Social Science Space took the opportunity of this latest award to discuss Taylor’s role as an activist, as a scholar (“I am an activist turned scholar, not a scholar turned activist”), an urban planner and an historian. We’ve split the interview into two parts, and the second installment, focused on Taylor’s almost two decades of work in Cuba, will appear here next week.

Taylor’s earliest academic work, as an undergrad, was in speech pathology and audiology before he took a second master’s and later a doctorate in urban history at the University at Buffalo. Since then he’s worked diligently on issues of racial justice, especially through the prism of urban planning and the historical experience of African Americans in U.S. cities. This includes academic work, as a professor at Buffalo, sitting on the editorial board of the Journal of Urban Affairs, and writing or co-authoring six books, including the Historical Roots of the Urban Crisis: African Americans in the Industrial City, 1900-1950. Taylor writes and appears often on urban issues for the mainstream press and online media.

Between academia and activism, he’s served on a number of practical projects, writing technical reports for redevelopment projects in his hometown and is currently, alongside Robert M. Silverman and Li Yin, studying gentrification and its impacts in Buffalo through the Urban Institute’s National Neighborhood Indicator Partnership.

As the UAA said in its citation, “Dr. Taylor fully embodies the connection between good scholarship and good activism and stands as a model for young academics.”

What excites you about my work on and off-campus? Do you feel that you are making a difference? Are you pessimistic or optimistic?

I am driven by the quest to end black oppression and build a world based on racial, economic, political, social and cultural justice. This is my life’s mission, and it is what excites me about my work at the university. Of course, the complicated issues facing blacks and other oppressed nationalities will not be solved in my lifetime; so my intent is to develop knowledge, insights and lessons that the next generation can build on. I am energized by a belief that the struggle of blacks and other oppressed groups will ultimately triumph; and that they will succeed in their quest to build a better, more racially and socioeconomically just and humane world.

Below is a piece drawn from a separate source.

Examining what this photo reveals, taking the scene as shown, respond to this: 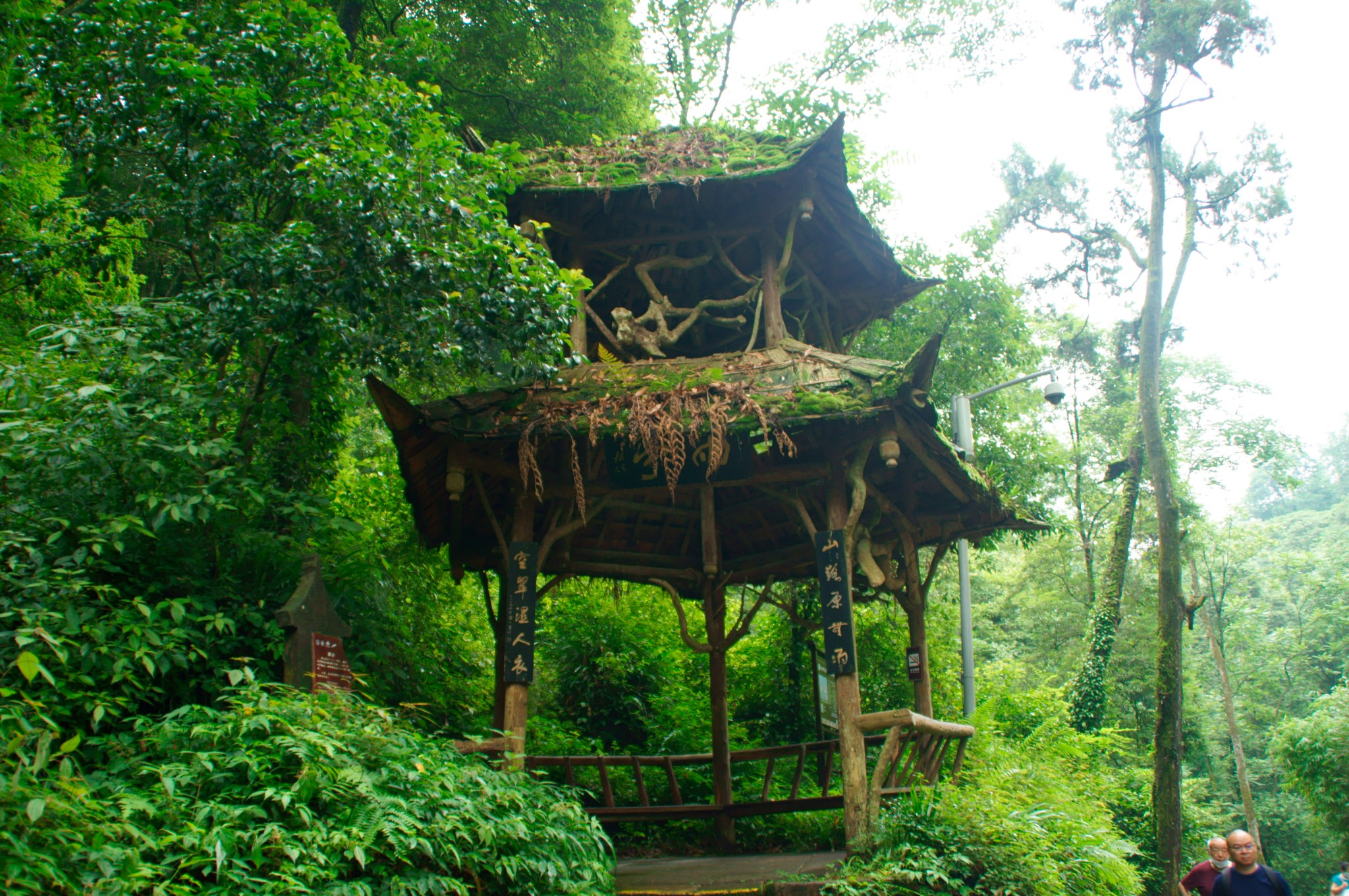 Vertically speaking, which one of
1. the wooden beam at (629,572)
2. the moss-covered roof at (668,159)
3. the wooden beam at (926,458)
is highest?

I came to the University at Buffalo in 1987 with two interactive goals. The first was to build a research center that aligned knowledge production and implementation with the down-on-the-ground struggles of blacks, Latinx and the low-wage white precariat. The second goal was to popularize civic engagement on U.B.’s campus and to build community-university partnerships. This undertaking made it possible for me to connect easily my activism to scholarship.

Henry Louis Taylor , Jr.

Henry Louis Taylor, Jr.

The intent of the activist-scholar is to produce and implement knowledge for social change, so that we can understand the world in order to change it. Blacks, Latinx and other oppressed people are beset with oppressive core problems that (1) circumscribe their life chances; (2) produce undesirable economic, social, political and cultural outcomes; and (3) reproduce their positionality at the bottom of the economic order. These oppressive core problems consist of inferior education; inadequate housing; poor health care services; food insecurity, joblessness, low-wages, underdeveloped neighborhoods and powerlessness.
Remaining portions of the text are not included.